**WHAT TO DO**
Exercise in exact copying: restate word for word only the lines below from the one containing "X0000112160213200908281412" through the one containing "Ragdoll cats for", omitting any pictures.
Top of DATASET EXTRACT
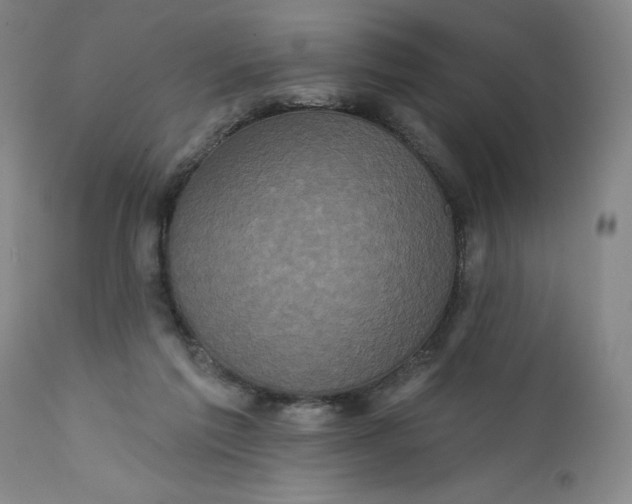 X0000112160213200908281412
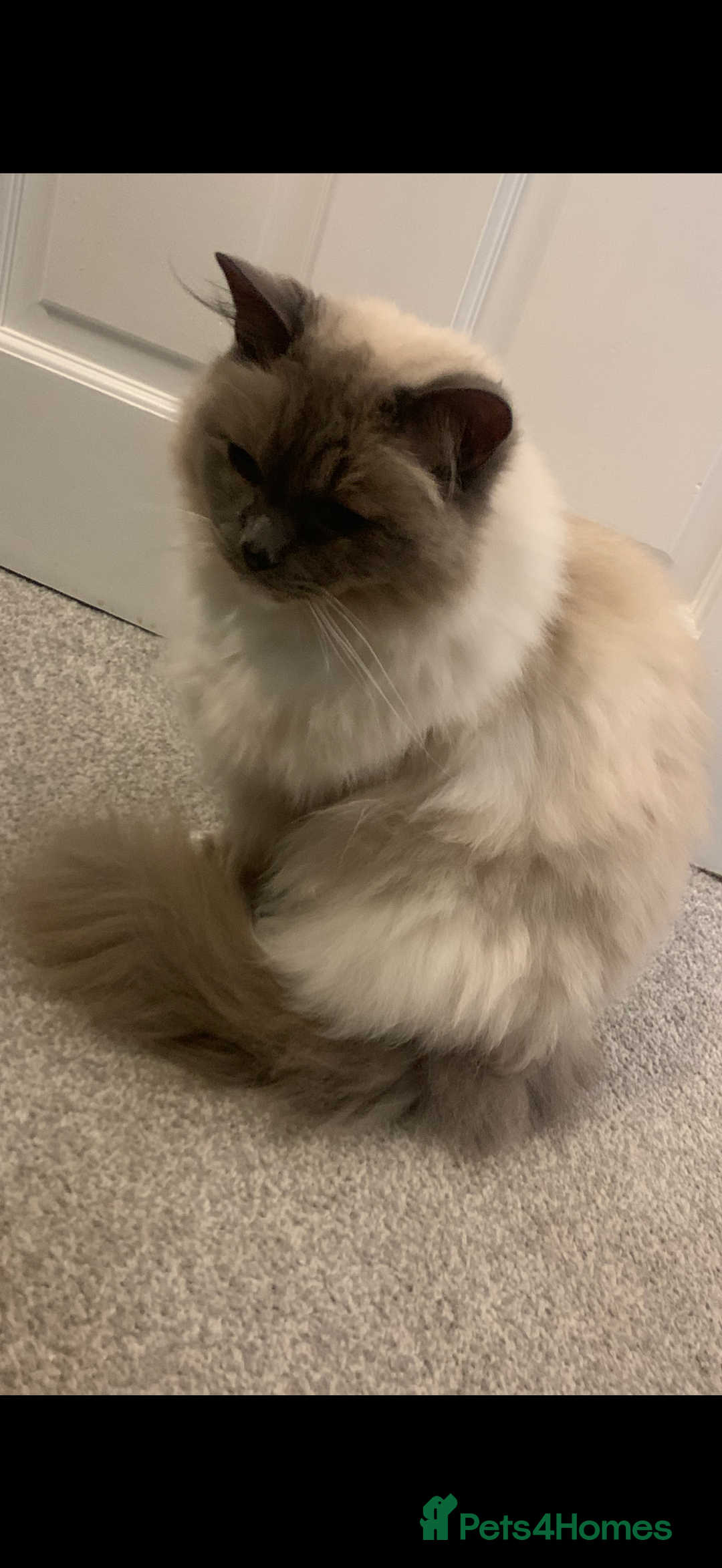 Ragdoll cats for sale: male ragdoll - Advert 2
Bottom of DATASET EXTRACT
Top of DATASET EXTRACT
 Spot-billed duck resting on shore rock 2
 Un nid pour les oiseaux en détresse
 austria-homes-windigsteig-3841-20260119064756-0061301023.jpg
Bottom of DATASET EXTRACT
**THE COMPLETED TASK**
 X0000112160213200908281412
 Ragdoll cats for sale: male ragdoll - Advert 2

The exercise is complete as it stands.